Cinco son los cuentos que conforman la primera versión publicada con el número de catálogo M60 y que sonaron en aquel histórico concierto; cinco piezas, de unos 15 minutos de duración, que siguen formando parte del repertorio habitual para piano a cuatro manos: Pavana de la Bella durmiente (Lent), Pulgarcito (Très modéré), Laideronnette, Emperatriz de las Pagodas (Mouvt. de Marche), Conversación de la Bella y la Bestia (Mouvt. de Valse très modéré) y El jardín encantado (Lent et grave).
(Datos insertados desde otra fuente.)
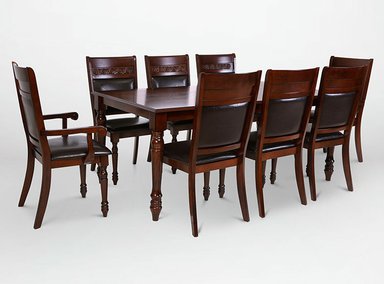 JUEGO DE COMEDOR CIC NEW CORDOBES 6 SILLAS 2 SITIALES - 2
Aunque después se describirá cada pieza con más detalle, cabe destacar que la obra impacta por su pureza y sencillez. Líneas delicadas, texturas muy adelgazadas y armonías exentas de grandes choques que el propio compositor, en unos esbozos autobiográficos, justifica: ‘El propósito de evocar en esas piezas la poesía de la infancia me llevó naturalmente a simplificar mi manera y a desnudar mi escritura’. Simpleza y desnudez, dos características que están presentes en su primera versión para piano y que se mantienen en la orquestación de las obras. La obra comenzó a ser interpretada en otras salas de Europa, siendo recibidas por algunos críticos como ‘las piezas infantiles más notables que existen’; dicho éxito supuso la continuación en el proceso de transformación de Mi madre la Oca.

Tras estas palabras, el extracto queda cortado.